Thursday, June 19, 2008

I D.A.R.E. You

I can recall back to being in 4th grade when I was first introduced to something that was brand new to me in so many ways. Somehow my parents had managed to basically never expose me to the knowledge that such a thing even existed up until this point. What is it that I'm speaking of you ask? Well the answer would be Drugs. Well I know that it seems odd in today's times that a 10 year old not know anything about drugs. But I can honestly say I don't ever recall knowing or hearing about them until this point in my life (However, alcohol I knew very well growing up with my Grandfather John). Well that was until my teacher 4th Grade Teacher Ms. Bernier (I had a crush on her. lol) announced that we would be having a D.A.R.E. assembly later that day. My young mind immediately began to wonder what is D.A.R.E.?
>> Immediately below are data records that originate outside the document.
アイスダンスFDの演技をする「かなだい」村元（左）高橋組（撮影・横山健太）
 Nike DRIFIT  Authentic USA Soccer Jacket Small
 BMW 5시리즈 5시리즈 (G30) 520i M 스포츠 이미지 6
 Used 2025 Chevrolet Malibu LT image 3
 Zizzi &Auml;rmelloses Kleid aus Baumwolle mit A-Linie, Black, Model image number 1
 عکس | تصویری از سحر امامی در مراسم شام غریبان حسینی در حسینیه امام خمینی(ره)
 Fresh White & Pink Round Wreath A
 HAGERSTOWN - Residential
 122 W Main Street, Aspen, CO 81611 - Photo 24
Well later that day an L.A.P.D. officer quickly explained what D.A.R.E. was to myself and an auditorium full of other 3rd, 4th and 5th graders. I don't recall what exactly what happen specifically next but I'm sure I ran home with all kinds of questions for my parents. Also, I remember later being selected as a finalist to read my speech I wrote about D.A.R.E. during the D.A.R.E. graduation program. Ironically, I can remember my father sitting up the night before helping me to write this speech. If you knew my father's history you would also appreciate the irony. Well I went on to deliver my speech and graduate from the D.A.R.E. program with my dad in the audience to congratulate me. I received my D.A.R.E. t-shirt, button, hat, bumper sticker, key chain and knowledge about drugs and gangs that I supposed helped to keep me somewhat on the straight path.

So good job ex LAPD Police Chief Darryl Gates on your D.A.R.E. Program, and good job President Reagan on your diligence on the "War on Drugs."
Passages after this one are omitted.